Na mesma linha do primeiro-ministro burquinabê, as africanas e os africanos que marcharam pelas cidades do Sul e do Norte globais mostraram que 2011 também não é 2025, e que a humilhação coletiva de África não se repetirá. 2011 marca a vergonhosa e criminosa invasão da Líbia pela coligação internacional (com o apoio de países como a África do Sul, Nigéria e Gabão, então membros do Conselho de Segurança da ONU), o bárbaro assassinato de Muammar Gaddafi com a profanação pública do seu corpo.
A invocação das datas de 1987 e 2011 não é gratuita. No seu discurso, Ouédraogo sublinhou que os imperialistas nunca mudam de método. De facto conspiração, sabotagem, divisão e descredibilização têm sido o seu tradicional modus operandi. O que terá mudado seria apenas o grau de sofisticação das estratégias. Mas hoje, os africanos e africanas, sobretudo na diáspora, estão cada vez mais conscientes das mentiras e hipocrisias do imperialismo e, também, mais preparados para organizar e participar em mobilizações transcontinentais.
Se historicamente esta diáspora sempre esteve atenta aos processos políticos no continente e se manifestou para denunciar os assassinatos dos grandes líderes revolucionários, esta convergência internacional em torno de Traoré, um presidente em exercício, ainda vivo, com um discurso anti-imperialista e assumidamente panafricanista, ganhou proporções inéditas por representar uma oportunidade de agir de outra forma, mais consequente.

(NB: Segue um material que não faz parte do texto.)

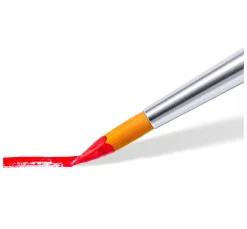 Online STAEDTLER Pinsel-Set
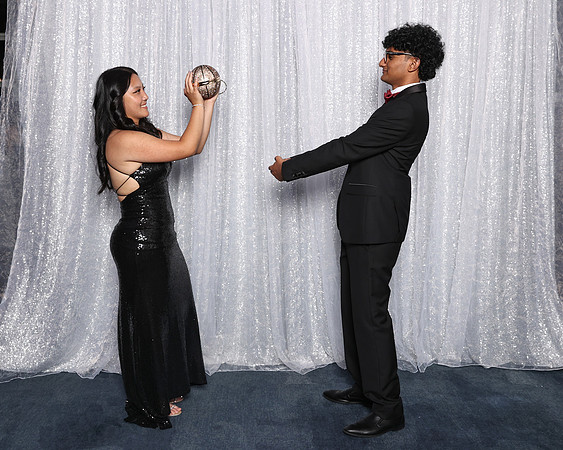 TOT_prom-backdrop_26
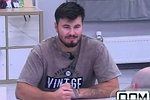 Анонс Дом-2 на 24/09/2025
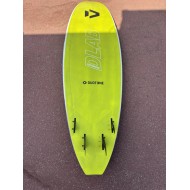 DUOTONE Ultra Grip (Quad) D/Lab 94L 2026 Occasion DUOTONE Ultra Grip (Quad) D/Lab 94L 2026 Occasion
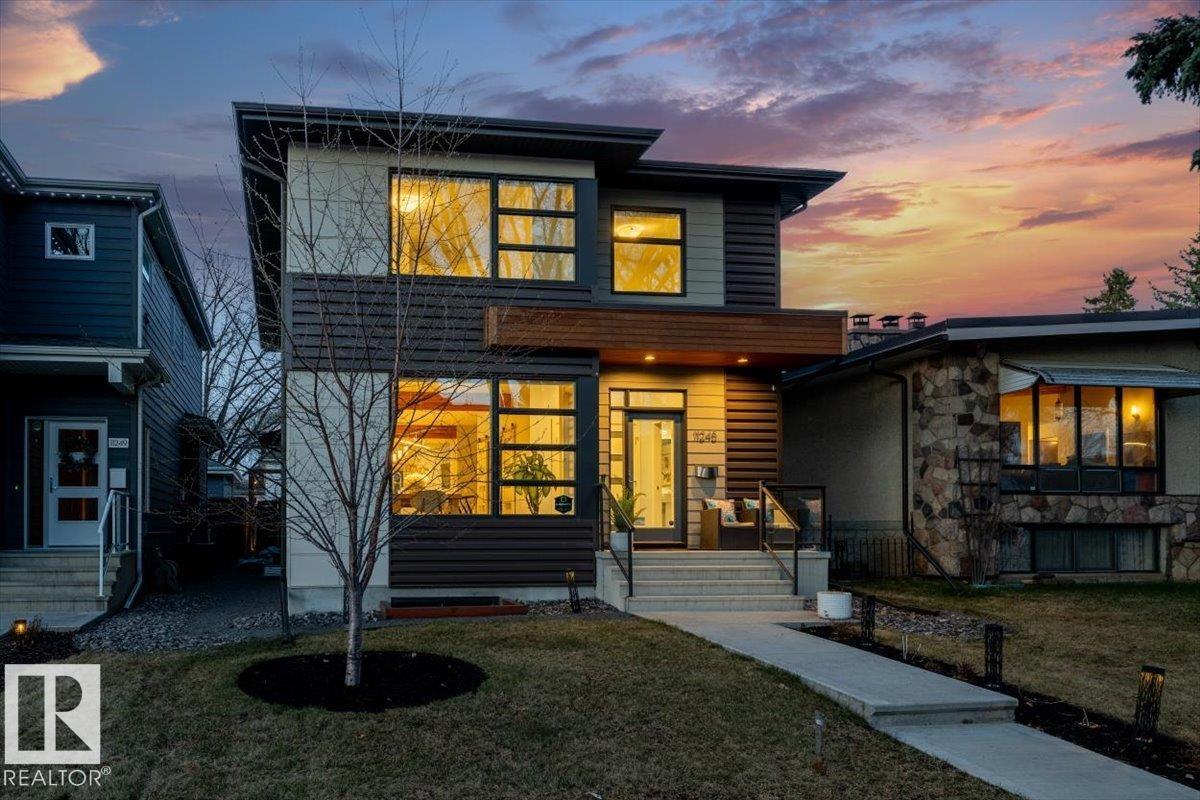 11245 64 ST NW - 57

O 30 de abril teve como um dos objetivos fulcrais, a defesa da integridade do jovem líder burquinabê contra as alegações de Michael Langley, comandante da AFRICOM. Alegações estas que, além de causarem indignação, reativaram uma memória coletiva traumática, cujo passado mais recente é precisamente a Líbia de Gaddafi já mencionado. O Never Again que os Estados ocidentais afirmam no fim de cada genocídio ou massacre, é agora apropriado, ressignificado e dito com força por corpos africanos que fizeram das ruas a sua tribuna.
A impressionante popularidade de Ibrahim Traoré entre as massas africanas ao redor do mundo ultrapassa a de qualquer líder africano vivo. O seu discurso e as medidas políticas (internas e externas) que têm adotado, representam uma ruptura concreta com as práticas incoerentes, patrimonialistas e servis das lideranças nas últimas décadas, oferecendo, portanto, uma real esperança de governança panafricana.
Veja-se, por exemplo: A rescisão do acordo de defesa com a França, firmado em 1961, quando o país ainda era conhecido como Alto-Volta, e a consequente expulsão de toda a estrutura militar francesa do território; A revogação do francês como língua oficial e a elevação das línguas nacionais à categoria de línguas oficiais; A despolitização da administração pública; A aposta no setor de produção agrícola, com o objetivo de garantir a soberania alimentar; As ambições de nacionalizar a indústria mineira e a criação da primeira refinaria de ouro do país; A saída da CEDEAO e a criação da Aliança do Sahel, em conjunto com Mali e Níger, como alternativa de integração e segurança regional baseada em interesses comuns e autonomia africana.
Neste conjunto de mudanças, um dos grandes destaques é a valorização da memória de Thomas Sankara, algo que, diga-se de passagem, a elite governante em Cabo Verde teria muito a aprender, caso não fosse tão colonizada e tivesse alguma integridade.
O que Cabo Verde poderia aprender com o Burkina Faso é também a sua relação com a língua. No discurso aos manifestantes, o primeiro-ministro burquinabê começou em francês e depois continuou em Mooré, uma das quatro línguas nacionais oficiais do país, sob a euforia de todo um povo que se sentiu respeitado e escutado.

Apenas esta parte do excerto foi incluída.